Поручик Лбов убеждал привезшего в штаб XX корпуса распоряжение из штаба, капитана Малеванова, что немецкая телеграмма, несомненно, провокационная, и нельзя на ней строить стратегические расчеты. Так и случилось. Когда левый фланг армии Рененкампфа был ослаблен переброской войск на правый фланг, Гинденбург, без всяких подкреплений с французского фронта, повернул свои войска от разбитой армии Самсонова на левый фланг нашей I-й армии, на краю которого стоял II корпус (генерала Шейдемана). II-й корпус натиска не выдержал и начала отступать. А за ним началось бестолковое, беспорядочное отступление всей армии, без бою бросавшей орудия и обозы. Корпуса правого фланга отходили под давлением немецкого резервного корпуса и I кавалерийской дивизии. Командующий армией сам создавал панику. 27-го августа он быстро уехал из Гумбинена в Вержболово, а оттуда в Ковно. В Вержболове была усилена охрана его поезда: на всех площадках вагонов были выставлены вооруженные солдаты. С 27-го авг. Рененкампф уже фактически не управлял армией, потеряв связь с нею или, что вернее, бросив ее на волю судьбы. Еще хуже были его, предшествовавшие этому факту, приказы. В одном он говорил: "пробиваться штыками, где можно", когда на самом деле нигде почти не надо было пробиваться. Можно себе представить настроение частей после этого приказа, когда каждый имел право и основание заключить, что армия {149} окружена. В другом приказе он предписывал: "войскам отходить к Ковно", после чего все потянулись на Вержболовское шоссе, как на более удобную дорогу. Последнее скоро оказалось запруженным обозами и парками.

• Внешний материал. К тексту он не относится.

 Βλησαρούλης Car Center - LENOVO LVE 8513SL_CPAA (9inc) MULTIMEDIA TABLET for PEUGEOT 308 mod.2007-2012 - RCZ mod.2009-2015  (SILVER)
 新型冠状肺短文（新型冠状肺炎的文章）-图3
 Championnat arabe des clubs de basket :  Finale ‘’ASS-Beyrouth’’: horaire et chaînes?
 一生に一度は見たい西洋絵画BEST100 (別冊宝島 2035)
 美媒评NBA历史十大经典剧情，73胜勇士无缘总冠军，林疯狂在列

А в это самое время генерал Рененкампф слал донесения в Ставку: "Армия отступает, выдерживая страшный натиск двенадцати немецких корпусов"... "Армия геройски отбивается от во много раз превосходящих сил противника"... "Двадцатый наш корпус окружен" и пр.
Только 2-го сентября остановились наши войска и тут увидели своего "героя" командующего. Объезжая полки, генерал Рененкампф благодарил их за "геройскую" службу. Но он остался очень недоволен, узнав, в ХХ-м корпусе, что последний совсем не был окружен. При этом отрешил от должности начальника штаба XX корпуса генерала Шемякина за то, что последний не донес, что в приданном к корпусу тяжелом дивизионе уцелело 20 орудий (потеряно было 4 орудия). Заявление командира корпуса, что доносят о потерянных, а не об уцелевших орудиях, еще более обозлило Командующего (Небезынтересно, что начальником оперативного отделения штаба I армии был тогда полковник Генерального Штаба Каменев, потом знаменитый красный главковерх.).

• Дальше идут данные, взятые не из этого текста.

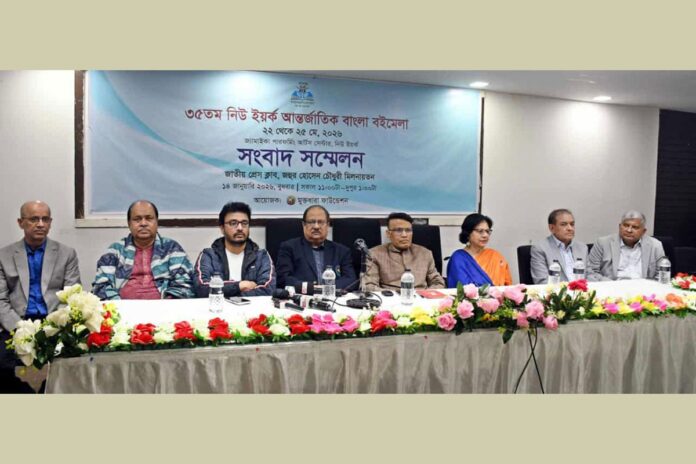 1768396093-99054fe3683830f95bb0006ed784c822 ৩৫তম আন্তর্জাতিক নিউইয়র্ক বাংলা বইমেলা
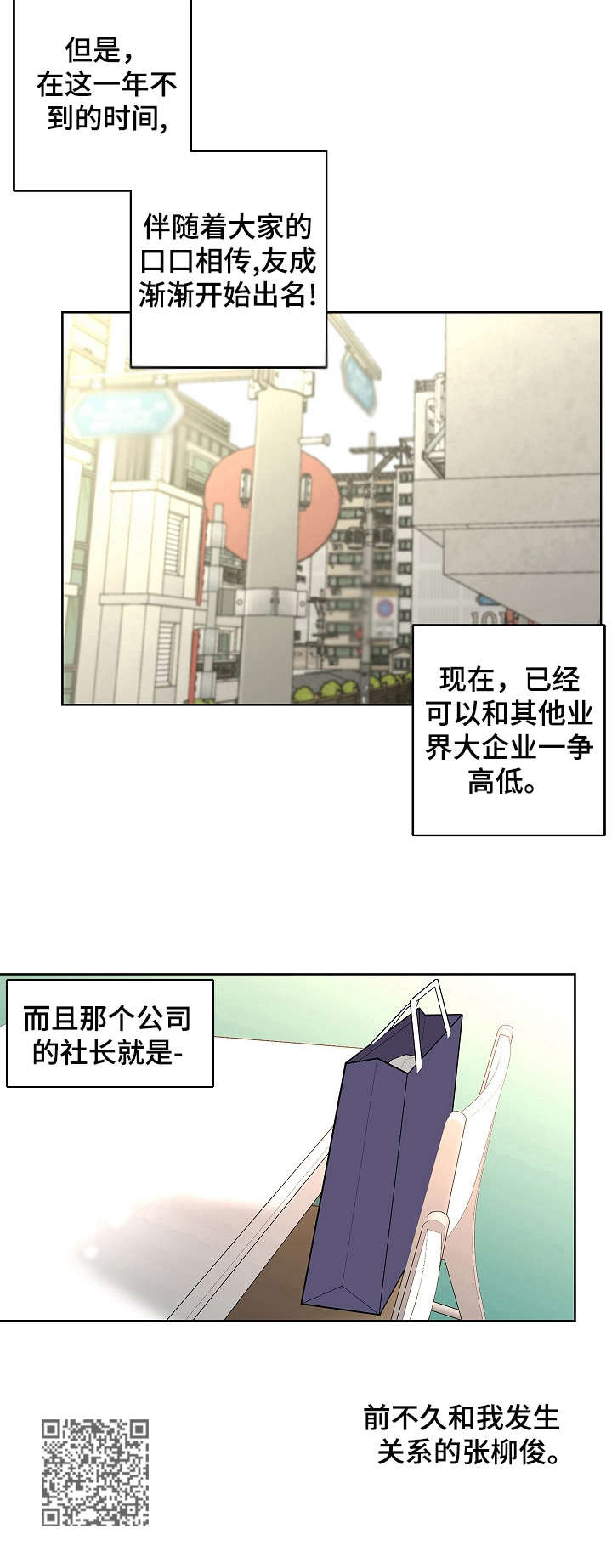阿基米的报恩漫画,第14章：名人1图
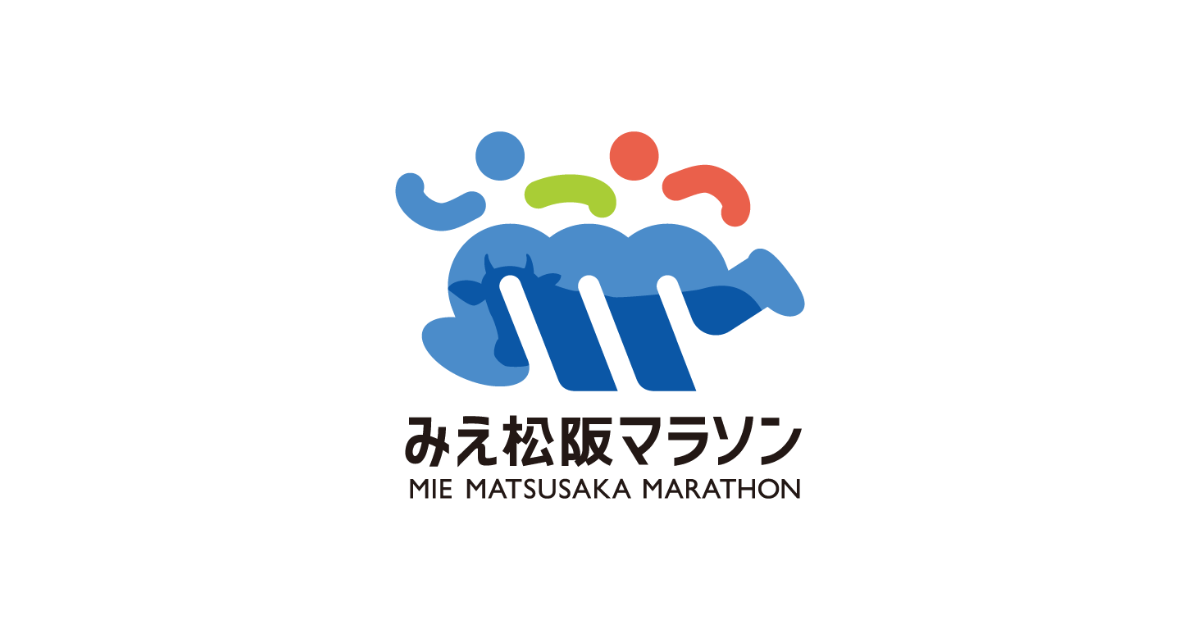 みえ松阪マラソンへの協賛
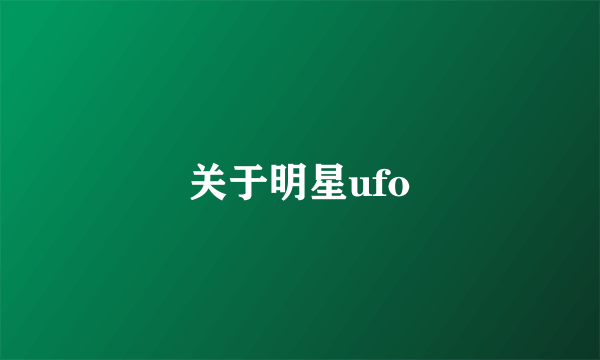 关于明星ufo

Во время отступления 1-я армия бросила (в бою и без боя) свыше ста орудий. Генерал Рененкампф, донося о "геройском" отступлении, об этой потере умалчивал, а чтобы восполнить потерянное, он потребовал затем выслать ему: сто тел, сто лафетов, двести колес и пр. Вверху, по-видимому, поняли его и ответили, что лучше вышлют ему сто орудий в целом, чем в разобранном виде.

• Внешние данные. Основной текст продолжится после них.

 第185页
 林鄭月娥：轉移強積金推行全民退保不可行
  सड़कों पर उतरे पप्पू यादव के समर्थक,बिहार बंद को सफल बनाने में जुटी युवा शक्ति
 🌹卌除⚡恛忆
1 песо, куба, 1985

Не оправдавший в этом последнем деле своей репутации выдающегося боевого генерала, генерал Рененкампф предусмотрительно позаботился об охране своего {150} собственного благополучия.
Он очень предусмотрительно устроил при себе на должности генерала для поручений свиты его величества генерала, князя Белосельского-Белозерского, бывшего раньше командиром лейб-гвардии Уланского полка, а потом командиром бригады Гвардейской кавалерии, человека, сильного своими связями при дворе. По-видимому, он и сам был близок к царю и царице. А главное, на его родной сестре был женат чрезвычайно близкий в то время к царю, как и к великому князю, князь В. Н. Орлов, начальник походной Его Величества канцелярии. Этот князь Белосельский-Белозерский в штабе I-й армии сразу стал самым близким лицом к Рененкампфу и, как мы увидим, и после описанной неприятной истории помог ему сухим выйти из воды.
2-3-го сентября в Ставке перестали беспокоиться за армию Рененкампфа. В один из этих дней, сидя за завтраком, Верховный осторожно, чтобы не обратили внимание другие, но довольно определенно объяснил мне, что Рененкампф сравнительно благополучно вышел из чрезвычайно тяжелого положения, и теперь положение его армии можно считать совершенно обеспеченным. А затем, взяв свое меню завтрака, на оборотной его стороне написал карандашом: "Это не чудо, а сверхчудо". и передал его мне, сказавши: "Сохраните у себя".
Постигшая наши войска, насколько кошмарная, настолько же и позорная катастрофа в Восточной Пруссии чрезвычайно характерна не только для данного случая, но в значительной степени и для всего последующего времени войны.